# Flying Safely?



## TamaMoo (Jan 12, 2014)

Airplane flights, that is. I have a few questions I am hoping some of you who have flown with your tiels might be able to help with. It is all currently 'maybe' and 'someday' if at all, at this time, but we are thinking about the possibility of moving back to the UK. We have already decided we aren't going if Joey can't, or if it would be dangerous for him. No way would we leave or little guy behind, eve knowing mom would adopt him and love him.

How long of a flight is safe for a cockatiel? Is international flight, with a short flight, about an hour, layover (which varies from time to time) and long flight of about 7 1/2 to 8 hours. I know there would be quarantine after that, where I am sure he will be fed, watered and looked after. It is the flying and layover time I am concerned about.

I have so many fears and concerns about the length of time, of how he would fare, would he be placed in cargo where it might be dangerous for him, would he freak out because he can be skittish.. the list goes on and on. I worry about his health and safety during all of it, if it is even possible.
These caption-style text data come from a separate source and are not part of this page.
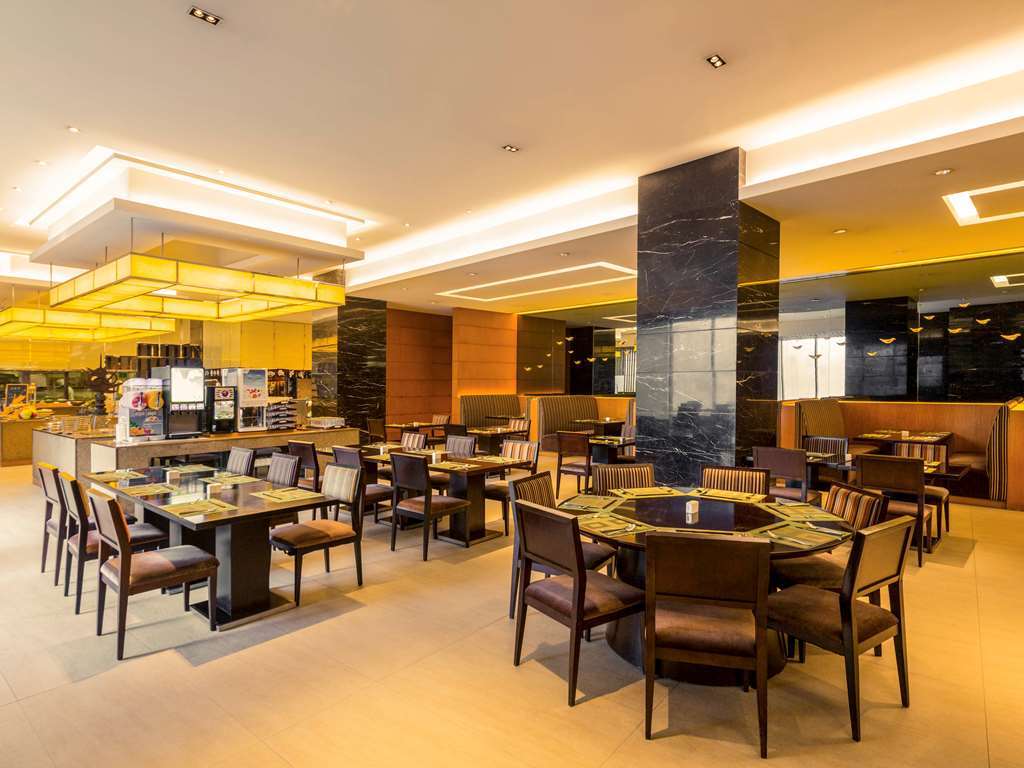 Mercure Kunshan Huaqiao Restaurang bild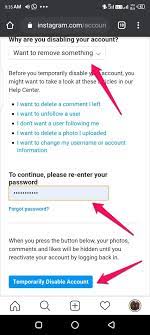 We did not find results for: How To Deactivate Instagram Account On Android And Ios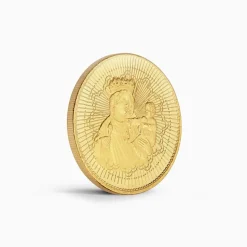 Médaille souvenir Notre Dame Vierge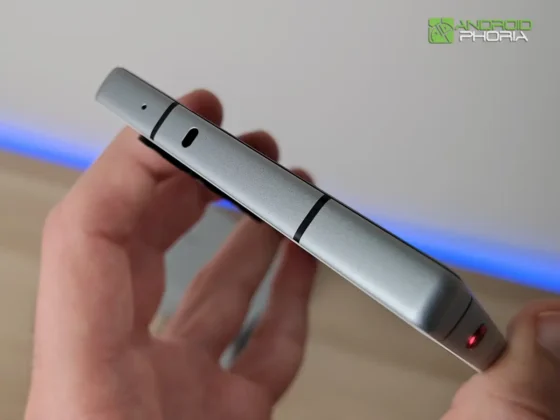 REDMAGIC 10 Air infrarrojo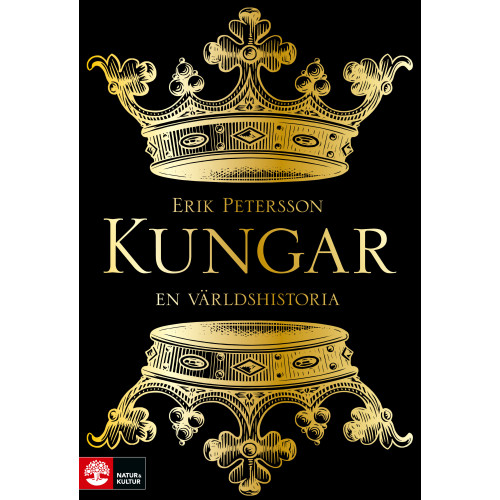 Erik Petersson Kungar : en världshistoria (häftad)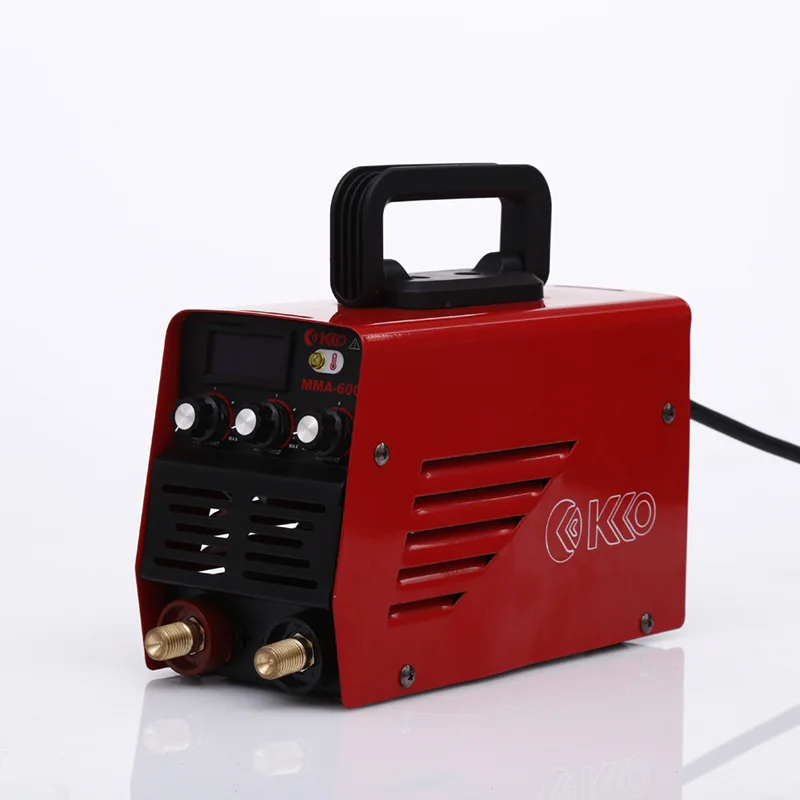 Electric welding machine multi-function household small welding machine portable portable inverter welding machine
Electric welding machine multi-function household small welding machine portable portable inverter welding machine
I can't imagine it even being fair to him to put him through all of that.


----------



## sunnysmom (Sep 23, 2011)

I think different airlines have different rules about whether animals travel in cargo or not. You may have to research individual airlines. Here is a discussion from another site (I hope that's okay) where someone explains international travel really well with birds: http://forums.avianavenue.com/index.php?threads/how-to-move-internationally-with-a-parrot.79467/


----------



## Kiwi (May 12, 2013)

Like sunny said, you have to call the airline to ask about their pet regulations on birds for international travel. Like how much food and water you can carry-on for the flight and if it has to be in any special containers. Also ask about cage liners in the cage. I think it's against airline policy and they will try to put the cage through the x-ray if you have them in, which would be horrible. There are some that wont allow you to keep pets in any place other than the cargo area, which would be very stressful for birds. As you can see here, Delta is one of the ones that would have birds be in the cargo area :http://www.delta.com/content/www/en...ial-travel-needs/pets/pet-travel-options.html
So I wouldn't go with Delta. I've heard of dog cages going on those belts and getting crushed by the luggage behind it or if they make it to the cargo bay they can still be crushed by careless people. They could also escape like that.

Of course you can always say that you need an animal to be in-cabin with you to help with stress. I've even heard of a stress turtle and their turtle got to rid in-cabin with them. Believe me I'd be claiming stress too. You have no idea what's going to happen to them back in cargo, that's stressful to think about in itself! So you can legitimately claim stress in the worst case scenario if you find out how. I'd research that too for how to get them into the cabin if you get one of those airlines if you miss a flight or something.

If you can get them in-cabin, I think that once you place Joey under the seat he will have to remain there. I would get a blanket to cover him in case of drafts. I always think the cabins are a little cold.

Sunny had a really good link on international travel. This link kind of has the same thing, but it also has where you can fill out a CITES form if you need it (I don't think Cockatiels need it, but just in case.): http://www.birdchannel.com/bird-news/bird-legal-issues/birds-and-law.aspx

Here are some things to check off before the flight. An important one is the x-ray since they may want to x-ray your cage. You can't take Joey out to do that so they may want to send him through the x-ray. Radiation is bad for birds and he could get really scared and hurt himself, so ask if they scan with the wand instead for his safety.
http://www.peteducation.com/article.cfm?c=15+1794&aid=2270


----------



## TamaMoo (Jan 12, 2014)

Thanks for the information. I will read the links tomorrow, since I have the day off and can give them full attention. This is all based on a maybe, but we do want to learn all we can in case it happens, for his safety and comfort.


----------



## TamaMoo (Jan 12, 2014)

Thanks for all the info. I have had a chance to read it now. As I mentioned, it is all in the 'maybe' and 'someday' stage of thinking, but we want to be as informed as possible for when the time comes. It will be a few years, most likely.

it certainly won't be with Delta given that A) he'd have to go in the cargo hold, and B) they nearly killed our luggage a couple weeks ago when we came back from the UK, so I wouldn't trust them with my baby boy. 

Ideally, I would book though someone who would let him be in the cabin.


----------



## Kiwi (May 12, 2013)

When that day comes you and Joey will be prepared!! 

I hope everything goes well whenever you and Joey fly. 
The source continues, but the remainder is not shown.